**Records shown:**
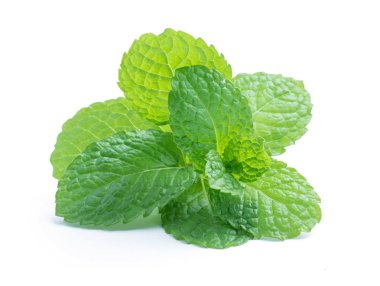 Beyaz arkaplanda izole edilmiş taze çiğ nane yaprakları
---
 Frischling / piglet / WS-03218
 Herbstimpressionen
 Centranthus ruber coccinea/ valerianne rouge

**How to complete this task:** In the listing above, find the line containing "Frischling / piglet / WS-03218" and the line containing "Centranthus ruber coccinea/ valerianne rouge". Output them and every line between, exactly, and nothing else.

**Exercise solution:**
 Frischling / piglet / WS-03218
 Herbstimpressionen
 Centranthus ruber coccinea/ valerianne rouge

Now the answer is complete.